Provided records
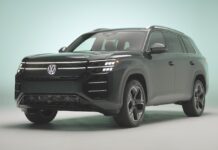 Volkswagen Shuts Down American ID.4 Production to Focus on the New Atlas
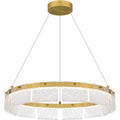 QUOIZEL, ALICE PENDANT, PENDANT LIGHT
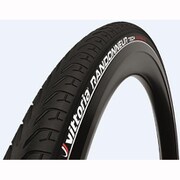 Randonneur Tech G2.0 クリンチャー Rigid 27.5×1.75オールブラック リフレクト付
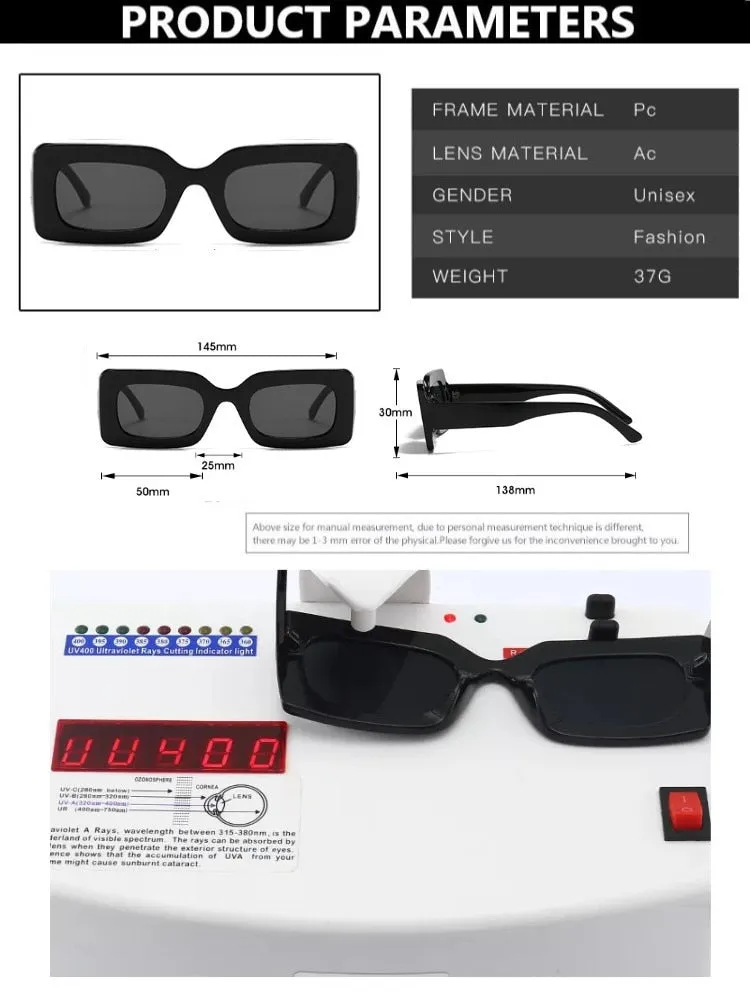LA Shades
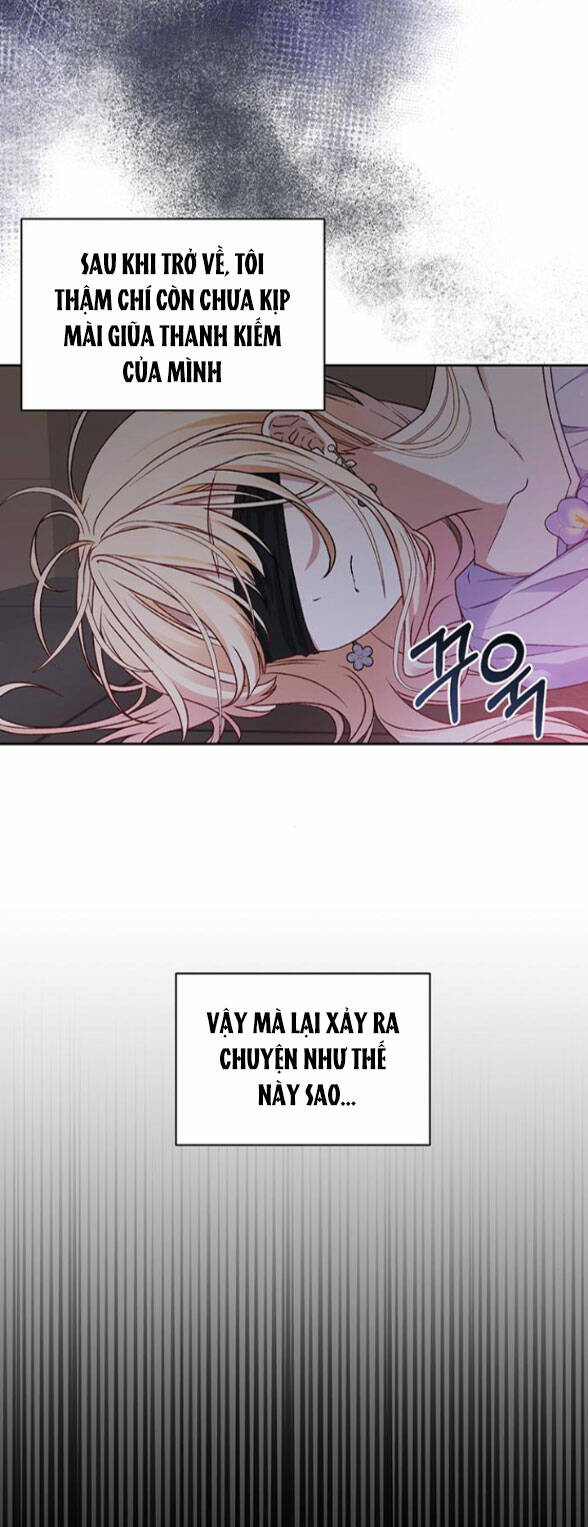 Nàng Bạo Chúa Muốn Có Một Cuộc Sống Hạnh Phúc Hơn! Chapter 7.1 - Trang 2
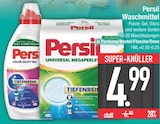 Universal Megaperls im EDEKA Prospekt Universal Megaperls von Persil im aktuellen EDEKA Prospekt für 4,99 €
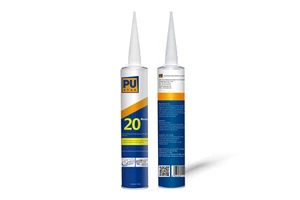 Adhesive And Sealant FUYAO & XINYI Auto Glass Windshield Adhesive Polyurethane Glue PU Sealant Renz20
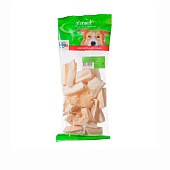  Лакомство для собак соломка мини м/у 9512 75гр 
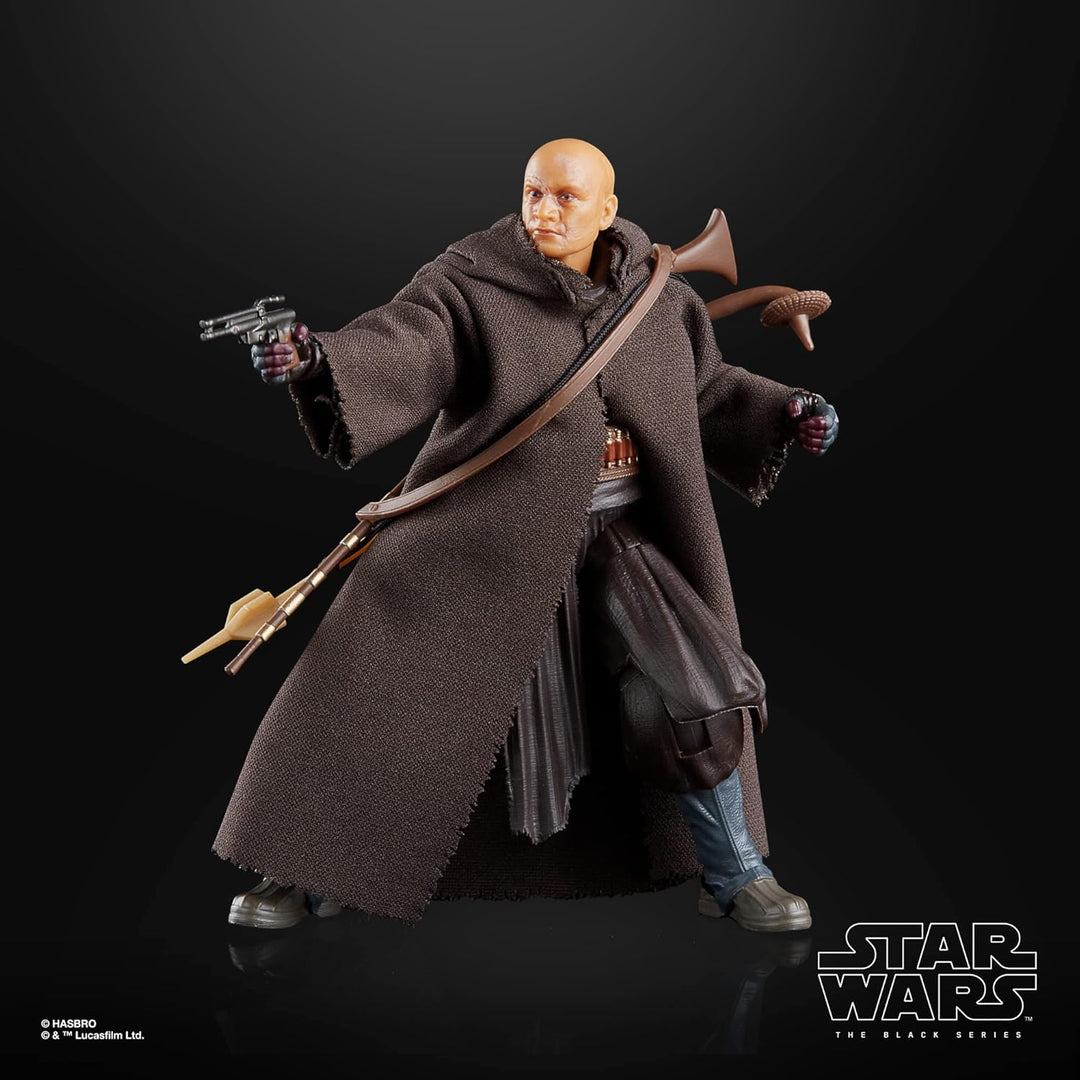 Star Wars BL Montana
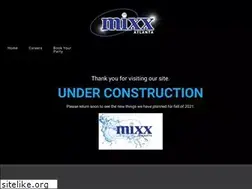 Sites similar to mixxatlanta.com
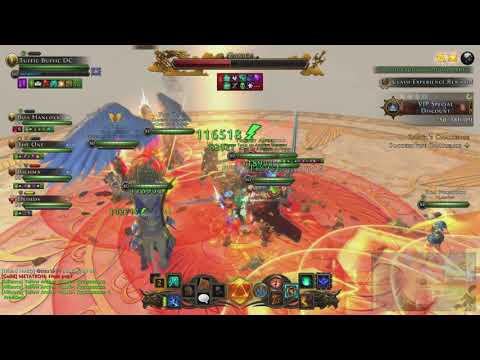 Zariel challenge master - safe spots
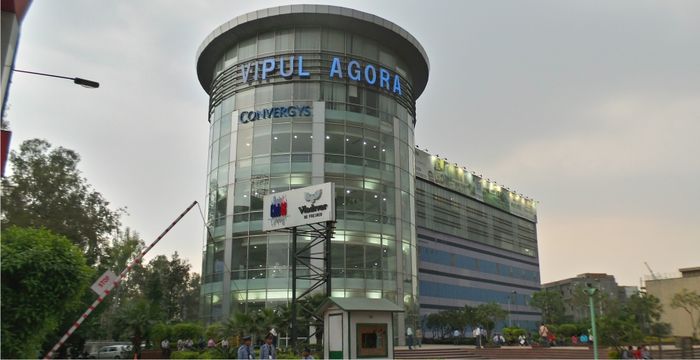 Mehrauli-gurgaon Rd Sector 28 Sarhol, Gurugram - Image 5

What you have to do
Your job is to repeat every entry exactly, keeping all pictures out of the copy.

Finished task
 Volkswagen Shuts Down American ID.4 Production to Focus on the New Atlas
 QUOIZEL, ALICE PENDANT, PENDANT LIGHT
 Randonneur Tech G2.0 クリンチャー Rigid 27.5×1.75オールブラック リフレクト付
LA Shades
 Nàng Bạo Chúa Muốn Có Một Cuộc Sống Hạnh Phúc Hơn! Chapter 7.1 - Trang 2
 Universal Megaperls im EDEKA Prospekt Universal Megaperls von Persil im aktuellen EDEKA Prospekt für 4,99 €
 Adhesive And Sealant FUYAO & XINYI Auto Glass Windshield Adhesive Polyurethane Glue PU Sealant Renz20
  Лакомство для собак соломка мини м/у 9512 75гр 
 Star Wars BL Montana
 Sites similar to mixxatlanta.com
 Zariel challenge master - safe spots
 Mehrauli-gurgaon Rd Sector 28 Sarhol, Gurugram - Image 5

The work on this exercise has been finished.